His name is Gareth Thomas, he used to be *checks notes* captain of the British Lions, he used to similar or same for the Welsh national team, he’s the most capped (with flowery bonnets?) Welsh rugby player of all time, and the 9th most capped (again, flowery?) rugby player in the whole world. And he’s a raging homosexual.
*claps like we’ve never clapped before; thoughts turn to the locker room*
This is spesh, very spesh indeed, ’cause no-one of this magnitude in rugby-ness has ever come out before. As a homosexual.
*see previous betwixt the asterisks*
Sidebar: Asterisk isn’t the easiest word to say, is it? Especially if you’re Jodie Foster. And a lesbian.
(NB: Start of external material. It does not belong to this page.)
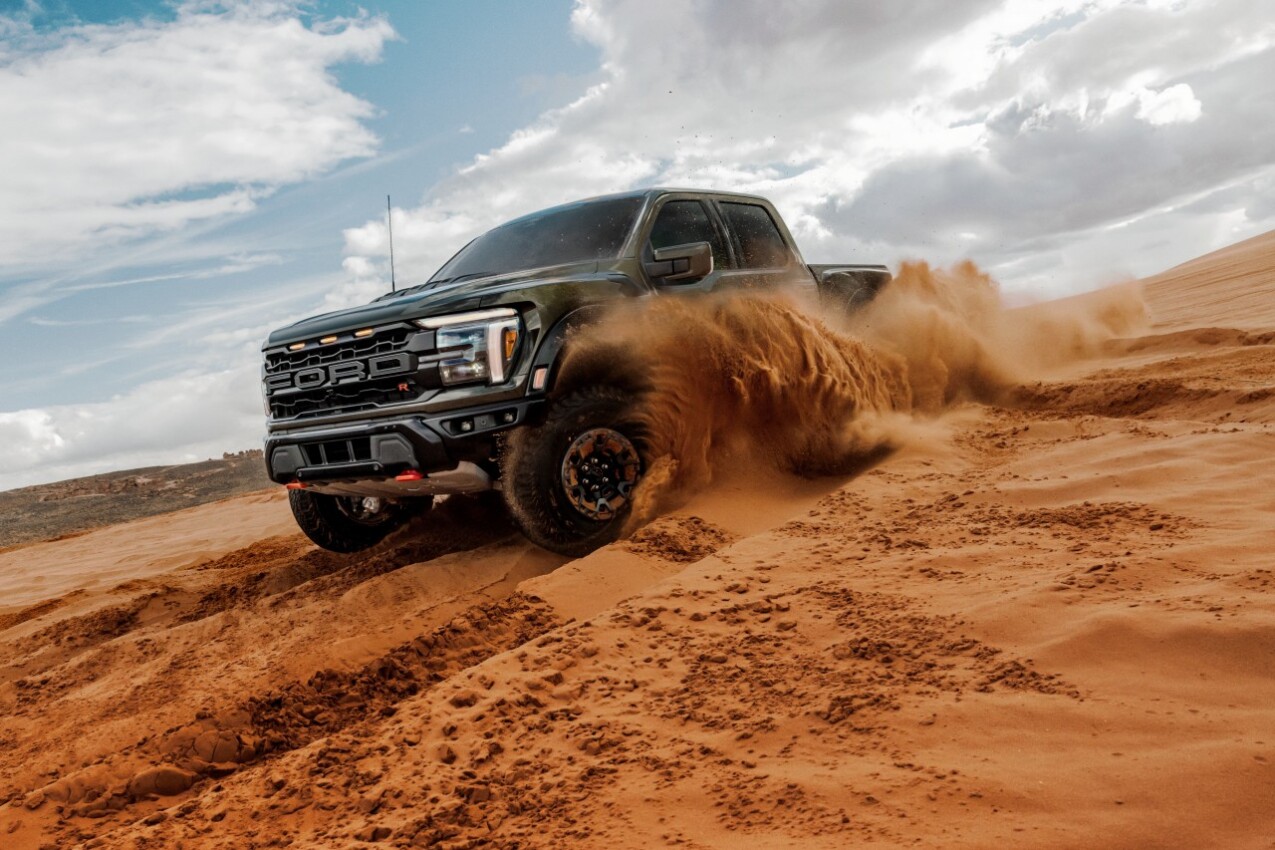 Ford F-150 Raptor R offroad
Now then now then, the only crappy thing about this whole lovely affair is that Gareth Thomas off-of gay decided to come out in today’s Daily Cunt, wank mag for the hating classes. Hypocritical? P’raps. Sadomasochistic? We’ll ask. Actually quite a good thing because it shows the Daily Mail-reading hos that, guess what, real life people who don’t look like Elton John or speak like Alan Carr have it off with the same sex ,too? Definitely maybe.
So, Gareth Thomas, welcome to the VIP room. Even though we think you’ve been a paying member for quite some time, mmmm-hmmmmn *pats hair, Mae West style-ee, etc*
Gareth Thomas *pause* we take our pants off to you. And let’s hope it’s opened the flood gates. No really, flood gates. We’re waiting, open armed/legged/whatever rocks your boat-ed.
Sidebar 2: We just emptied last night’s pockets and found a chocolate chip amidst the loose change. Significant?